(SOURCE DATA Opens)

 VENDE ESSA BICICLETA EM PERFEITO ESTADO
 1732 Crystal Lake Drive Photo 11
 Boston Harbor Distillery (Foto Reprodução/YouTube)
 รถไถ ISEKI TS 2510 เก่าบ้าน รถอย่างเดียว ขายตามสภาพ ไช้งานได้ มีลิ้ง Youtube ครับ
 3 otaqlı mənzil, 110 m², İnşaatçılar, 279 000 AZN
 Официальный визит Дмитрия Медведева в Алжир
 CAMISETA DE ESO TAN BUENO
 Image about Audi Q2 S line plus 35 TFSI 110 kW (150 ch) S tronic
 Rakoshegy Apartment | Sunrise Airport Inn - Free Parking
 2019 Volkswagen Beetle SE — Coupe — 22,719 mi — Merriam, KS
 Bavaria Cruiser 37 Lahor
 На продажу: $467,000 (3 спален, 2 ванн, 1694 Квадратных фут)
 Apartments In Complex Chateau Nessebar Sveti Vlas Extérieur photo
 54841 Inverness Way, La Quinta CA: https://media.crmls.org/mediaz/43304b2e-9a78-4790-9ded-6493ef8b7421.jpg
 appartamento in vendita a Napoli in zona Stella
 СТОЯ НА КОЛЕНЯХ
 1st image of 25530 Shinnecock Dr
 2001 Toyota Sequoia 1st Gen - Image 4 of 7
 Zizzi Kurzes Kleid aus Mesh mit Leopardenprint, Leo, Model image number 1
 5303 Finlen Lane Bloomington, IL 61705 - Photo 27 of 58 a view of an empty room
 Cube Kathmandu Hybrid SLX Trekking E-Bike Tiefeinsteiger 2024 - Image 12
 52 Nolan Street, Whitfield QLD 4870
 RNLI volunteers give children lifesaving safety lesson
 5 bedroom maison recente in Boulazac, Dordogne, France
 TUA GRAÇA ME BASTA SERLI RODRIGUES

(SOURCE DATA Closes)

- TASK STATEMENT -
Give back all the data exactly as it was written.

- EXERCISE RESPONSE -
 VENDE ESSA BICICLETA EM PERFEITO ESTADO
 1732 Crystal Lake Drive Photo 11
 Boston Harbor Distillery (Foto Reprodução/YouTube)
 รถไถ ISEKI TS 2510 เก่าบ้าน รถอย่างเดียว ขายตามสภาพ ไช้งานได้ มีลิ้ง Youtube ครับ
 3 otaqlı mənzil, 110 m², İnşaatçılar, 279 000 AZN
 Официальный визит Дмитрия Медведева в Алжир
 CAMISETA DE ESO TAN BUENO
 Image about Audi Q2 S line plus 35 TFSI 110 kW (150 ch) S tronic
 Rakoshegy Apartment | Sunrise Airport Inn - Free Parking
 2019 Volkswagen Beetle SE — Coupe — 22,719 mi — Merriam, KS
 Bavaria Cruiser 37 Lahor
 На продажу: $467,000 (3 спален, 2 ванн, 1694 Квадратных фут)
 Apartments In Complex Chateau Nessebar Sveti Vlas Extérieur photo
 54841 Inverness Way, La Quinta CA: https://media.crmls.org/mediaz/43304b2e-9a78-4790-9ded-6493ef8b7421.jpg
 appartamento in vendita a Napoli in zona Stella
 СТОЯ НА КОЛЕНЯХ
 1st image of 25530 Shinnecock Dr
 2001 Toyota Sequoia 1st Gen - Image 4 of 7
 Zizzi Kurzes Kleid aus Mesh mit Leopardenprint, Leo, Model image number 1
 5303 Finlen Lane Bloomington, IL 61705 - Photo 27 of 58 a view of an empty room
 Cube Kathmandu Hybrid SLX Trekking E-Bike Tiefeinsteiger 2024 - Image 12
 52 Nolan Street, Whitfield QLD 4870
 RNLI volunteers give children lifesaving safety lesson
 5 bedroom maison recente in Boulazac, Dordogne, France
 TUA GRAÇA ME BASTA SERLI RODRIGUES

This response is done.